Friday, May 24, 2019

Contra Atheism [Pt. 4]

§ VII. Is God Real?

Consequently, atheism is only intelligible iff God is real; but if atheism is intelligible, then God is real, and atheism is necessarily false. This means that given atheism, atheism is logically possible but ontologically impossible. The assertion “God is not real” is proof that he is, in fact, real, and it implies that the atheist knows this to be true. This is so because he utilizes universal truths – e.g. the laws of identity, non-contradiction, excluded middle, deductive inference, etc – which he believes will lead him to objective truth – i.e. knowledge of things as they are apart from his subjective apprehension of them. If the atheist truly does not view the laws above mentioned as anything more than social constructs, then he can offer his opinion about theism, as well as his opinions on any other matter – including, in fact, his opinions concerning what reality is – but he cannot hope to come to know the truth about theism or atheism, or any other matter. Professing himself to be wise, he has become a fool.

§ VIII. Concluding Remarks

In his paper “Atheism,” philosopher Gordon H. Clark, in accord with the view expressed by the present author, wrote the following –
At first it may seem strange that knowledge of what God is more important than knowledge that God is. His essence or nature being more important than his existence may seem unusual. Existentialists insist that existence precedes essence. Nevertheless, competent Christians disagree for two reasons. First, we have seen that pantheists identify god with the universe. What is god? —the universe. The mere fact that they use the name god for the universe and thus assert that god "exists" is of no help to Christianity
The second reason for not being much interested in the existence of God is somewhat similar to the first. The idea existence is an idea without content. Stars exist—but this tells us nothing about the stars; mathematics exists—but this teaches us no mathematics; hallucinations also exist. The point is that a predicate, such as existence, that can be attached to everything indiscriminately tells us nothing about anything. A word, to mean something, must also not mean something. For example, if I say that some cats are black, the sentence has meaning only because some cats are white. If the adjective were attached to every possible subject—so all cats were black, all stars were black, and all politicians were black, as well as all the numbers in arithmetic, and God too—then the word black would have no meaning. It would not distinguish anything from something else. Since everything exists, exists is devoid of information. That is why the Catechism asks, What is God? Not, Does God exist?1
Clark understood that the question of God’s “existence” needed to be clarified in order to be understood and addressed. Once this is done, it is plain to see that atheists are not concerned with the “existence” of God but with his “reality.” This “reality” must be defined as well, but for the atheist there is no way of justifying a concept of such an objective “reality.” Apart from a non-empirical, disembodied, omnipotent, omniscient, eternal, omnipresent mind, the universal truths requisite to cogent reasoning and speculation in the matters of metaphysics, epistemology, and even science do not “exist,” i.e. are not “real.” They are, instead, mere assertions whose truth value is uncritically accepted by the atheist in his complaints against Christianity.

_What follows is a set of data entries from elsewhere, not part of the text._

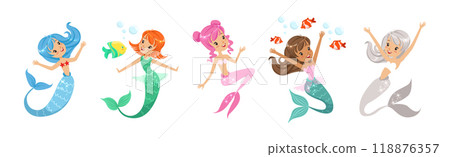 Cute Girl Mermaid Character with Female Body and Fish Tail Vector Set 118876357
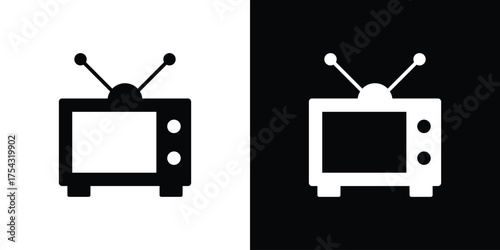 Tv retro icon glyph vector Illustration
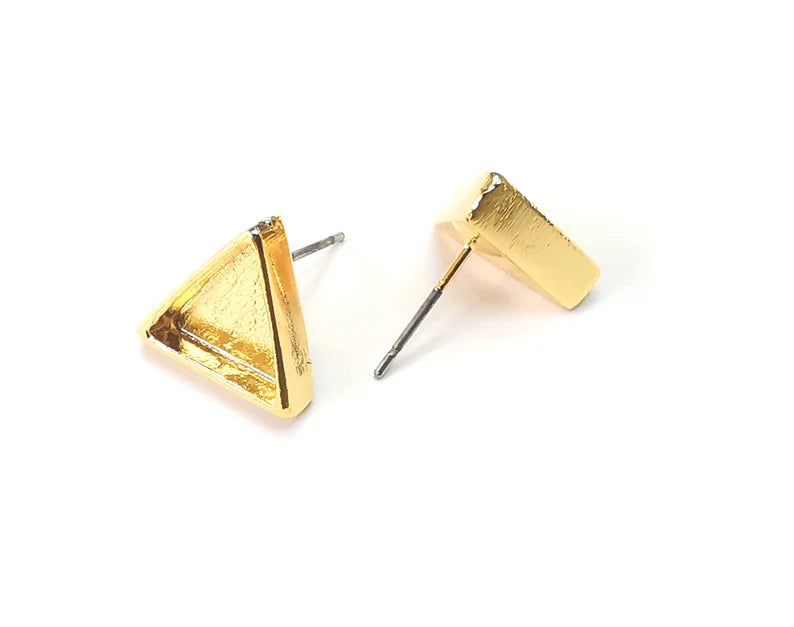 Gold Triangle Blank Earring Bezel Set Base Shiny Gold Plated Brass Earring Stud Base (10mm blank) G33207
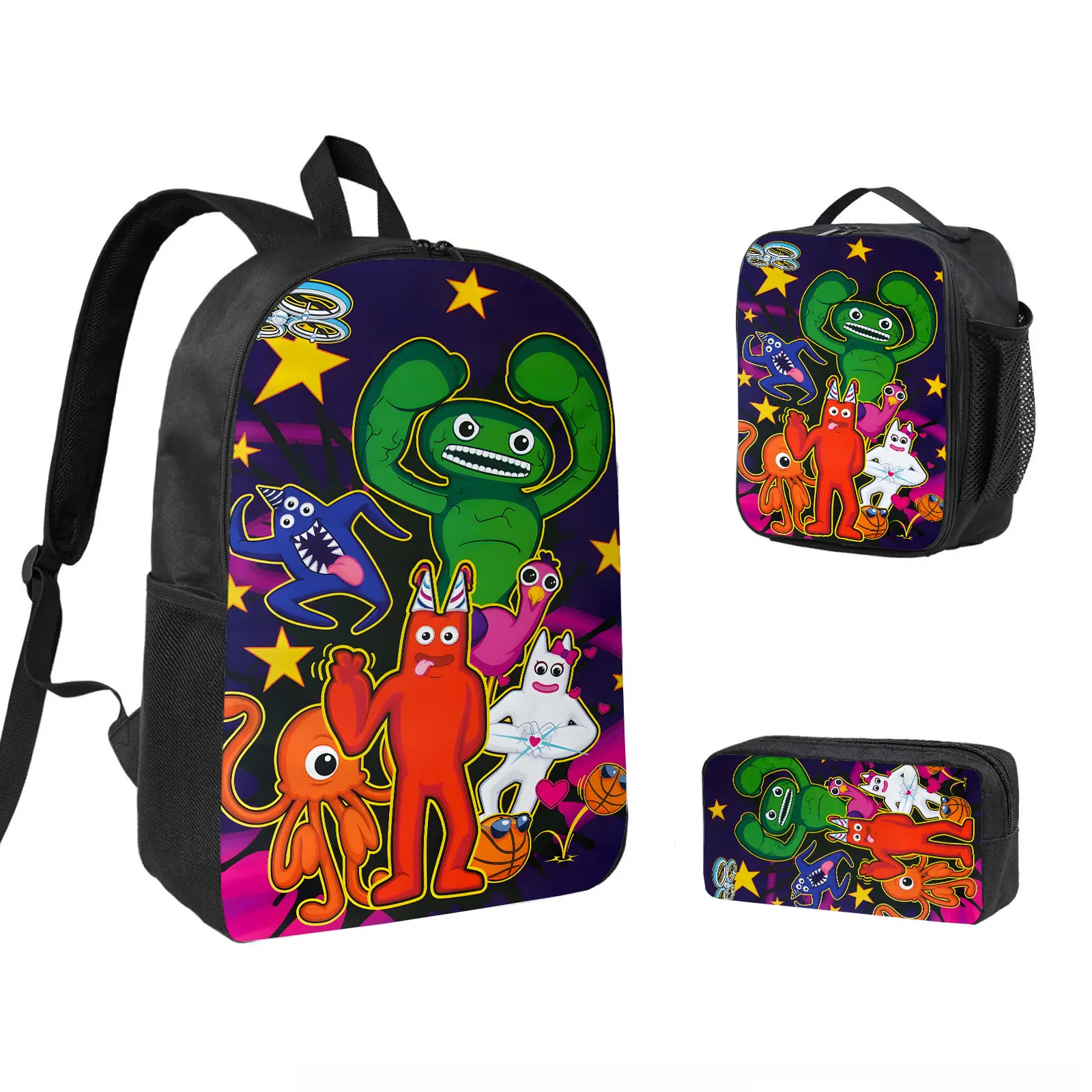 Garten Of Ban Ban 3 PCS Backpack Set, Durable School Bookbag with Insulated Lunch Bag & Pencil Case for Teens Boys Girls, Comfortable Travel Daypack Gift for Fans d-106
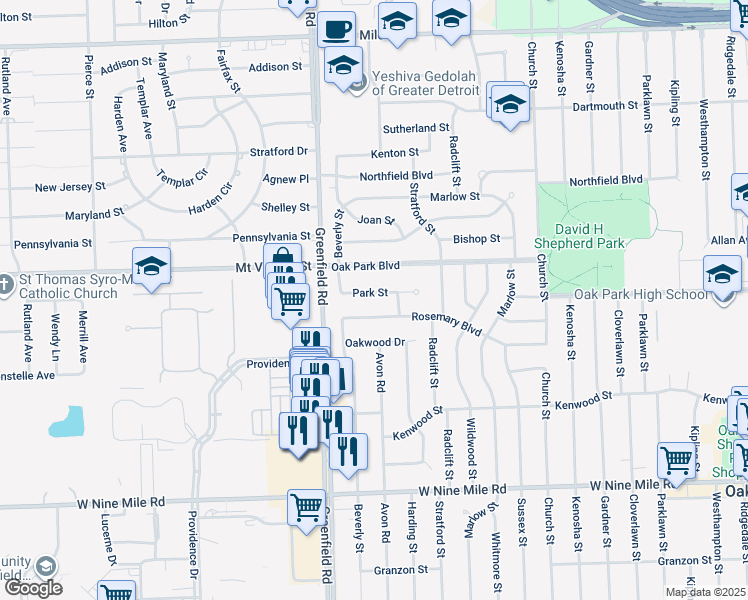 map of restaurants, bars, coffee shops, grocery stores, and more near 15330 Rosemary Boulevard in Oak Park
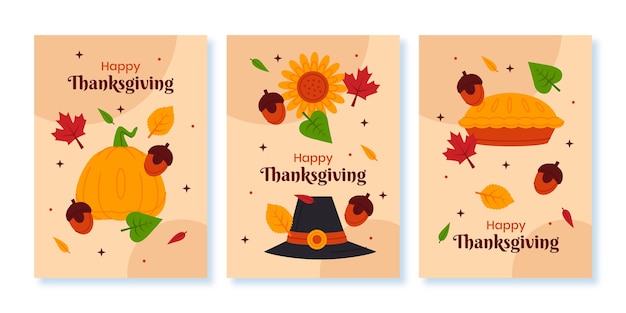 Flat thanksgiving greeting cards collection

In his attempt to identify God as unreal, the atheist turns to creation and imbues it with divinity. Not only does matter become the source of all power, all order, all modes of being, all knowledge, all history, whose ever evasive essence can only be known by a process of negative abstraction from reflection on physical things (i.e. the via negativa) – it becomes the teleological terminus of all of the atheist’s thinking and acting. Whereas Christianity loudly proclaims Soli Deo Gloria!, the atheist affirms Solam Materiam Gloria! And by so doing confirms that his lack of belief in other gods, including the one true God, does not indicate that he lacks belief in all gods. For the atheist, there is only one ontological entity greater than which none may be conceived; and that entity we all know as Matter.

1 “Atheism,” Trinity Foundation,, Accessed April 25, 2019.